Requirement
Output only the stretch of the listing that starts at the line containing "Con un plantel" and ends at the line containing "Building Photo - 5003 Westpark Dr", reproduced exactly with both ends.

Supplied information
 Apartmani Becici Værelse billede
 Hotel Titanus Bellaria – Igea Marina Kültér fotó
==
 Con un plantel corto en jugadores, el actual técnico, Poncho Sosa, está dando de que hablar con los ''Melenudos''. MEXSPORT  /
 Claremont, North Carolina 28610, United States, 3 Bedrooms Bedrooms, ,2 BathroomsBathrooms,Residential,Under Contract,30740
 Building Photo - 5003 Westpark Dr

Task output
 Con un plantel corto en jugadores, el actual técnico, Poncho Sosa, está dando de que hablar con los ''Melenudos''. MEXSPORT  /
 Claremont, North Carolina 28610, United States, 3 Bedrooms Bedrooms, ,2 BathroomsBathrooms,Residential,Under Contract,30740
 Building Photo - 5003 Westpark Dr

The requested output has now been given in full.